The Debtor seeks disallowance of the Proof of Claim and monetary sanctions for prosecuting a successful objection to the Proof of Claim. Disallowance of the claim is requested under 11 U.S.C. § 502(b)(1).
The Debtor also requests that sanctions be imposed for the asserted violation of Fed. R. Bankr. P. 9011(b). In making this request, the Debtor asserts that:
(Motion ¶¶ 13-14). In connection with the request for sanctions the Debtor posits that Palisades and Vativ filed an invalid claim based upon the expectation that the Debtor lacks a sufficient incentive to object to the claim and would not do so,
The Debtor's candid observation that she lacks an incentive to object to the POC leads to a threshold question whether the Debtor even has standing to object to the POC, a question that the court is obliged to consider sua sponte. See, e.g., In re Gronczewski, 444 B.R. 526, 532 n. 4 (Bankr.E.D.Pa.2011) (citing cases).
"The linchpin of standing, in the constitutional sense, is that the party seeking relief demonstrate exposure to some actual or threatened injury." In re Gronczewski, 444 B.R. 526, 533 (Bankr.E.D.Pa. 2011) (quoting and citing cases) (quotations omitted).
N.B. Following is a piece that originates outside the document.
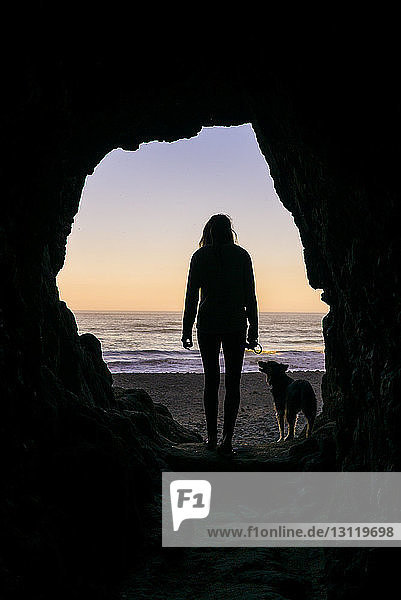 Silhouette woman with dog standing at cave entrance against beach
The Bankruptcy Code also addresses standing. Section 502(a) of the Bankruptcy Code provides that a proof of claim is deemed allowed "unless a party in interest ... objects." 11 U.S.C. § 502(a). The Code does not define a "party in interest." To give meaning to the term, many courts have concluded that, in the bankruptcy context, a party must have a "pecuniary interest" in the outcome of the dispute. See, e.g., In re Kaiser, 525 B.R. 697, 705 (Bankr.N.D.Ill.2014); In re Bozman, 403 B.R. 494, 496 (Bankr.S.D.Ohio 2006); In re Manshul Constr. Corp., 223 B.R. 428 (Bankr.S.D.N.Y.1998).
Here, to the extent the Debtor emphasizes that the filing and allowance of invalid claims does not have much impact on her, but rather harms creditors holding legitimate, allowed claims by diluting their distribution under her chapter 13 plan, she does not appear to be raising issues in which she has a pecuniary interest; she appears to be asserting the rights of third parties, not her own. A litigant's assertion of the rights of third parties is at odds with generally accepted principles of standing. See, e.g., Twp. of Piscataway v. Duke Energy, 488 F.3d 203, 209 (3d Cir. 2007) (as a matter of prudential standing, a "plaintiff generally must assert his own legal rights and interests, and cannot rest his claim to relief on the legal rights or interests of third parties"); see also Powers v. Ohio, 499 U.S. 400, 410-11, 111 S.Ct. 1364, 113 L.Ed.2d 411 (1991).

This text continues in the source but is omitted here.